*** Block opens ***

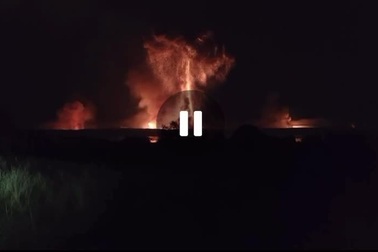 Kho đạn Nga ở Tver bị UAV Ukraine tấn công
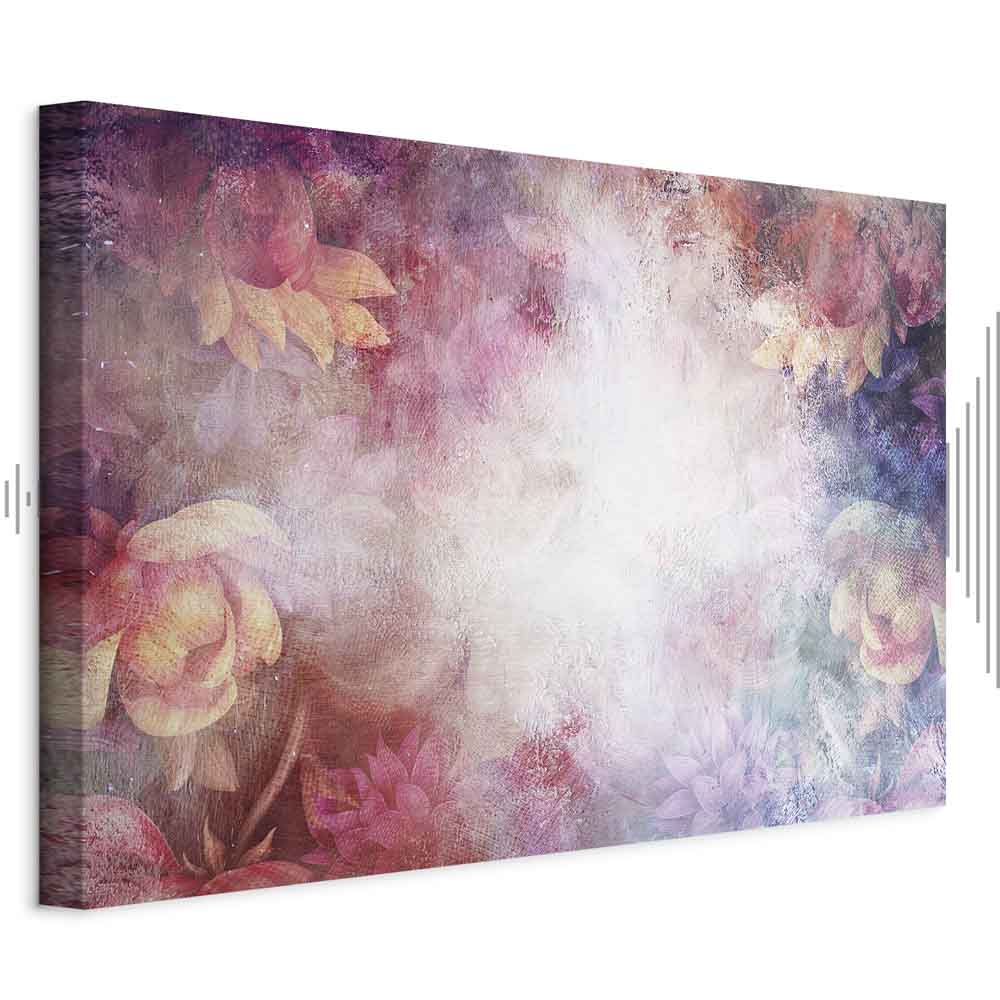 Spring Flowers Nature Canvas Print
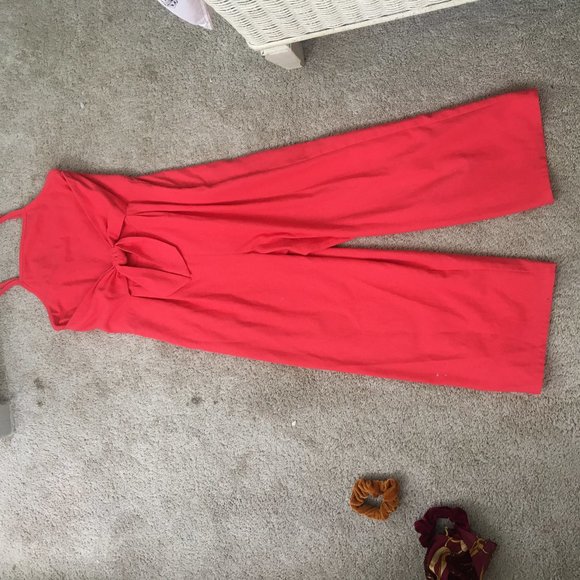 GB girls Pants - GB girls red jumper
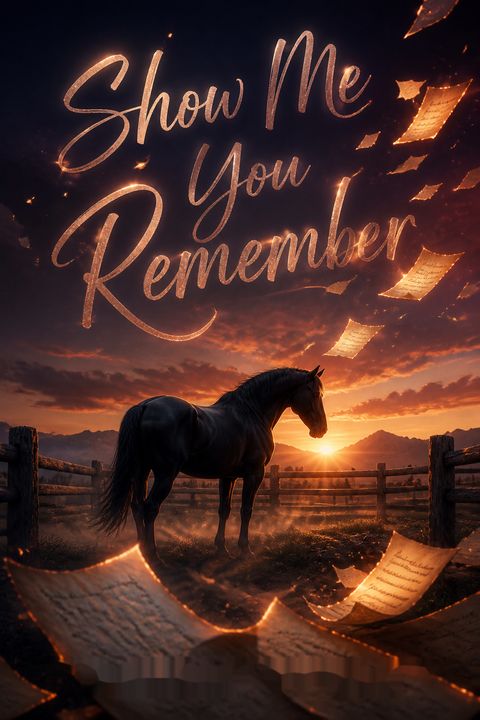 Show Me You Remember by Hannah Cowan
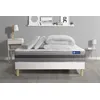 Image de Pack prêt à dormir matelas ACTIMEMO RELAX mémoire de forme 180x200 cm Maxi épaisseur + sommier KIT blanc + 2oreillers+couette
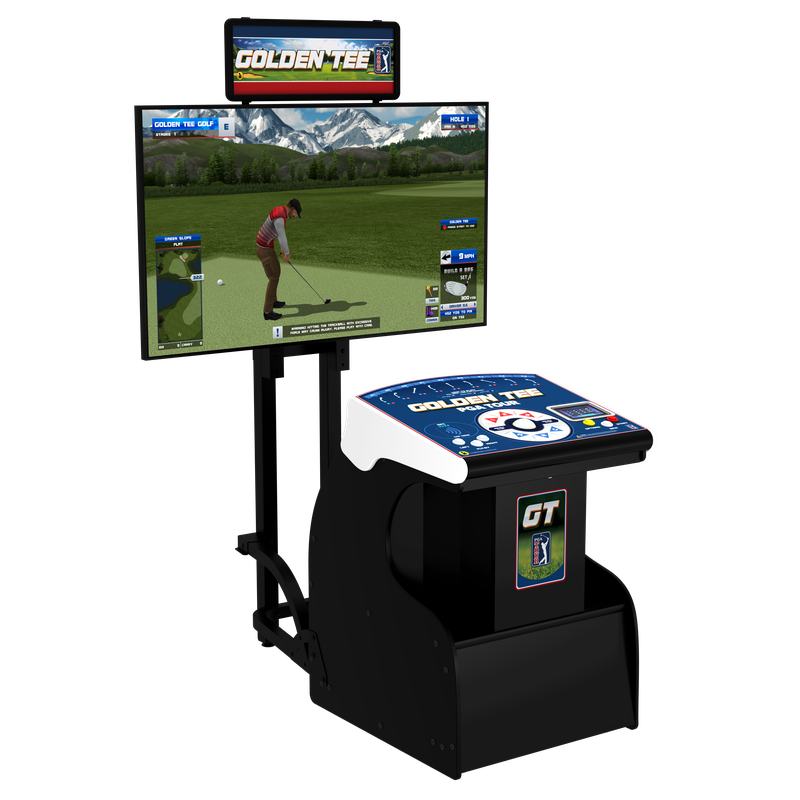 Golden Tee PGA Tour Showpiece PRO Golden Tee PGA Tour Showpiece PRO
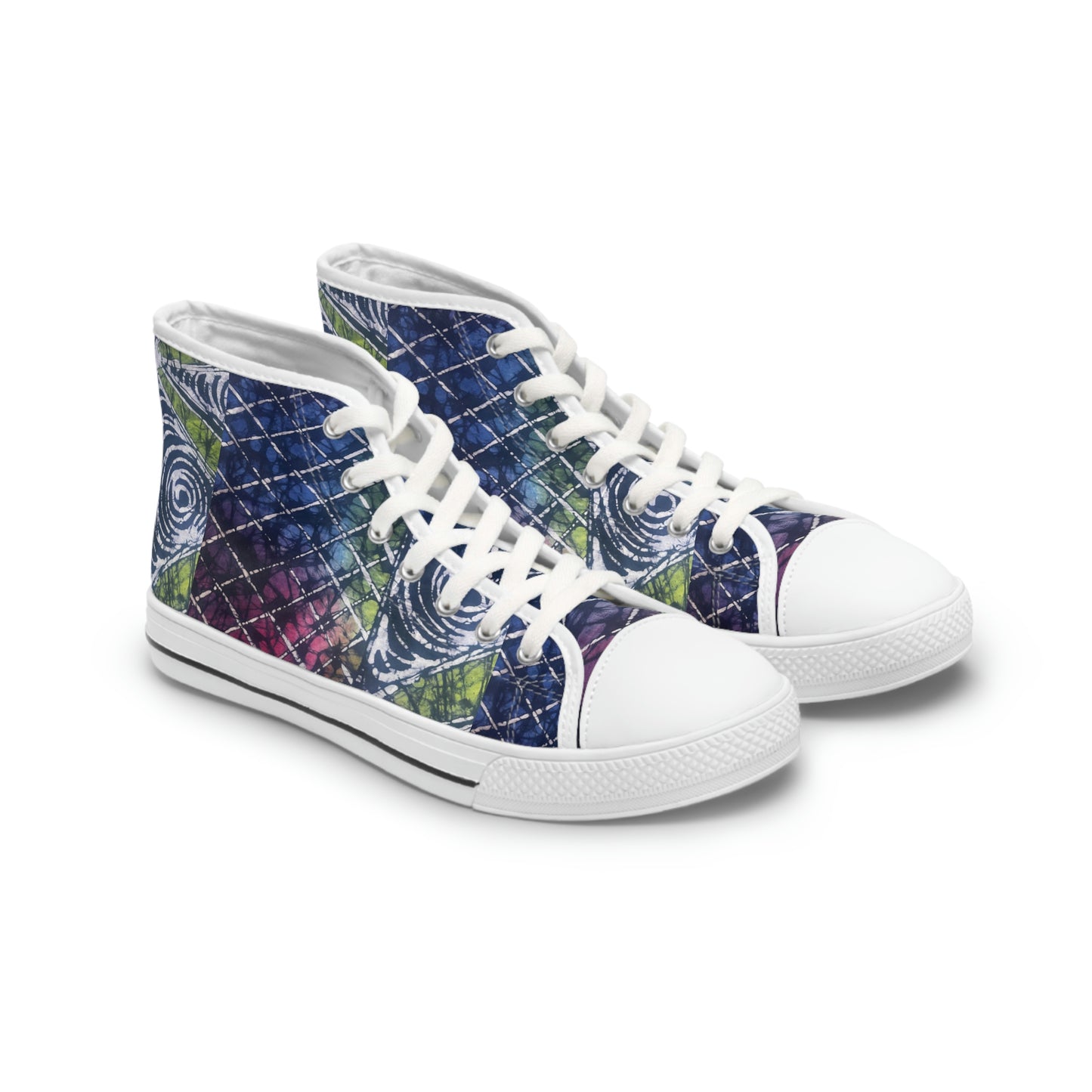 Batik Typhon Women's High Top Sneakers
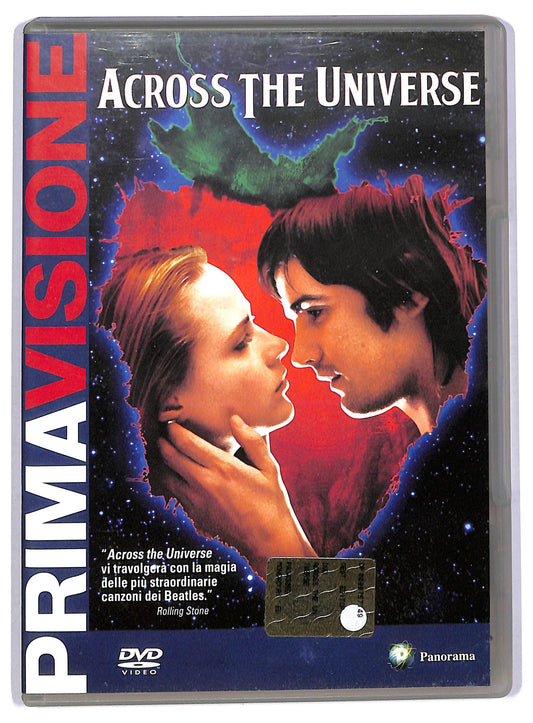 EBOND Across the Universe  EDITORIALE DVD D749111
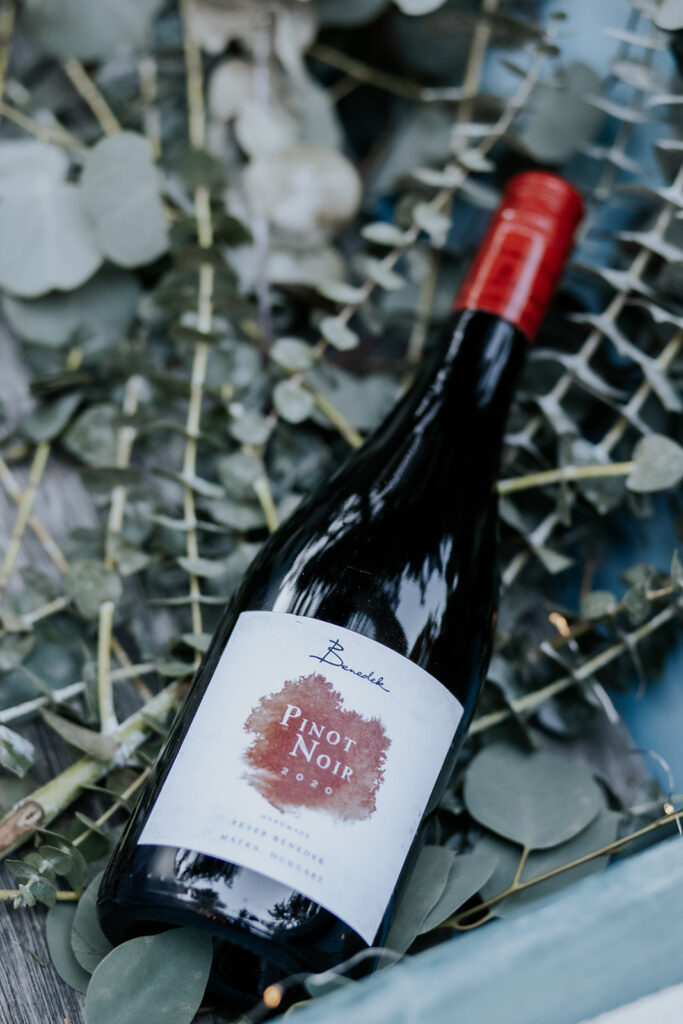 Pinot Noir wine.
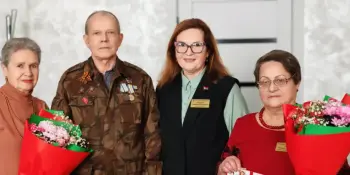 Открытие месячника военно-патриотического воспитания
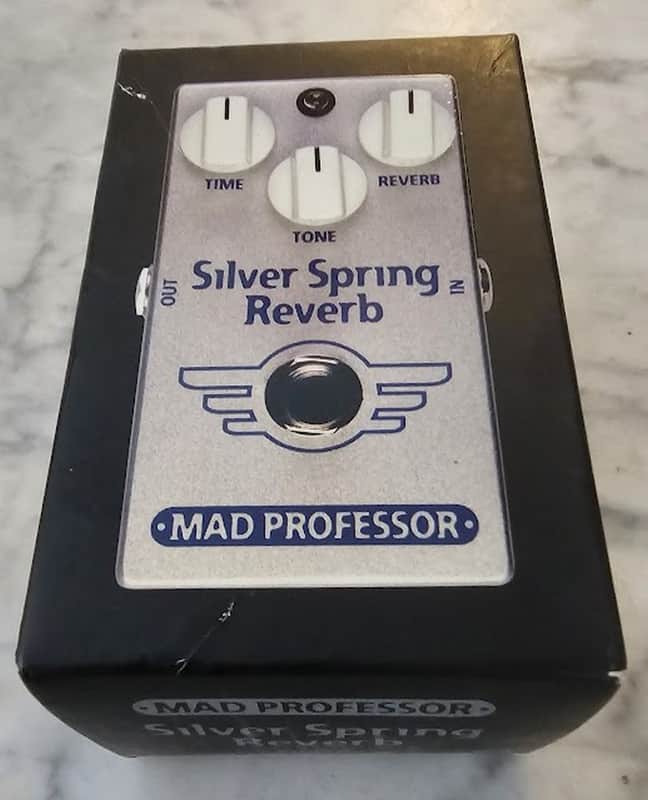 Mad Professor Silver Spring Reverb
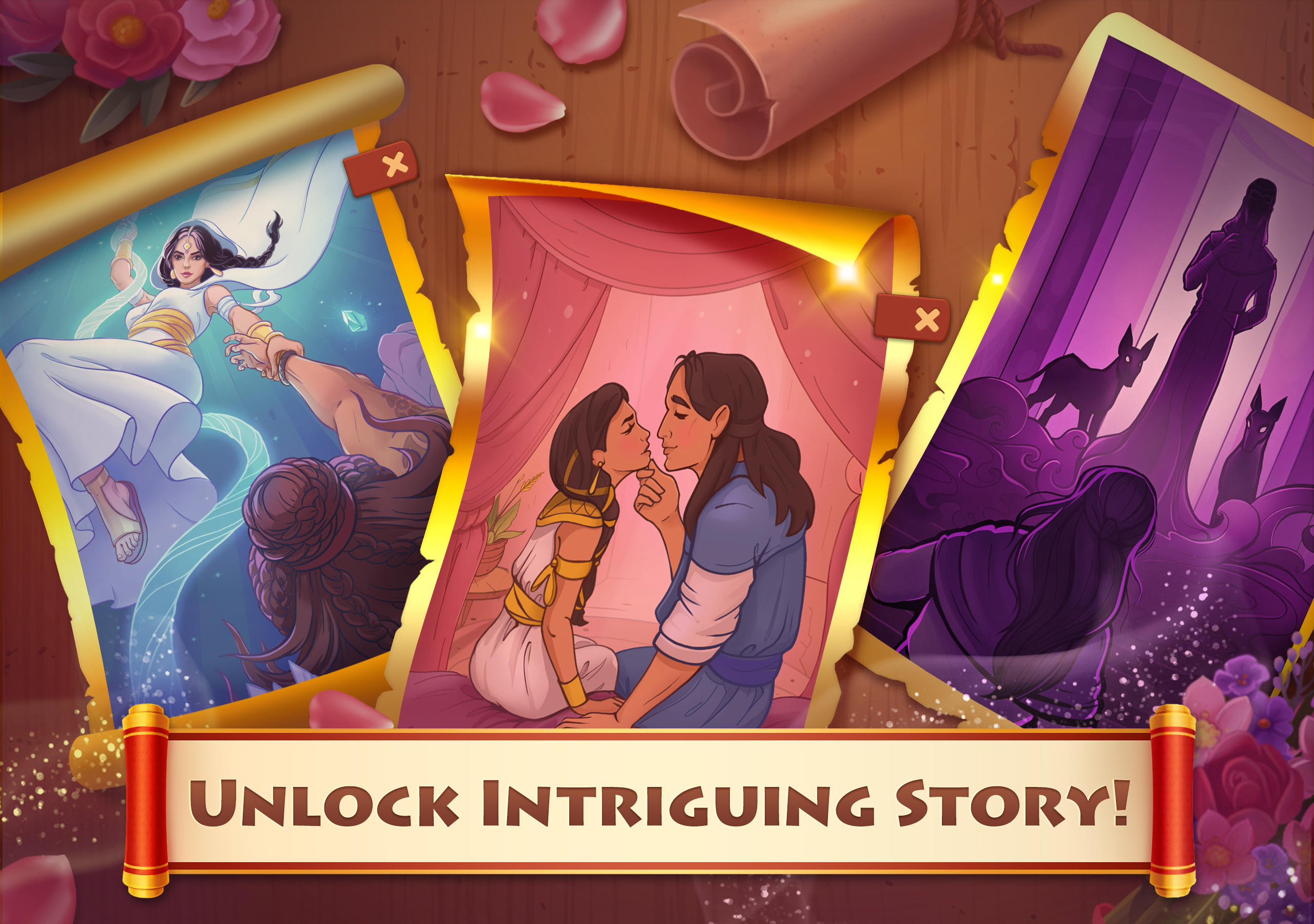 Скриншот игры Cradle of Empires: 3 in a Row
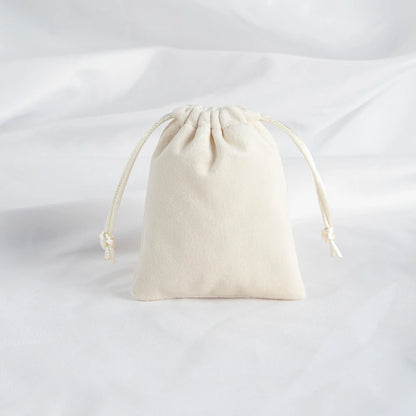 100-Pack Velvet Drawstring Jewelry Pouches - Personalized Logo Gift Bags for Wedding Favors, Candy & Makeup Packaging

*** Block closes ***

Problem to work on
Copy every line exactly, from the opening line of the entries down to the line holding "Скриншот игры Cradle of Empires: 3 in a Row", and keep the pictures out.

Task answer
 Kho đạn Nga ở Tver bị UAV Ukraine tấn công
 Spring Flowers Nature Canvas Print
 GB girls Pants - GB girls red jumper
 Show Me You Remember by Hannah Cowan
 Image de Pack prêt à dormir matelas ACTIMEMO RELAX mémoire de forme 180x200 cm Maxi épaisseur + sommier KIT blanc + 2oreillers+couette
 Golden Tee PGA Tour Showpiece PRO Golden Tee PGA Tour Showpiece PRO
 Batik Typhon Women's High Top Sneakers
 EBOND Across the Universe  EDITORIALE DVD D749111
 Pinot Noir wine.
 Открытие месячника военно-патриотического воспитания
 Mad Professor Silver Spring Reverb
 Скриншот игры Cradle of Empires: 3 in a Row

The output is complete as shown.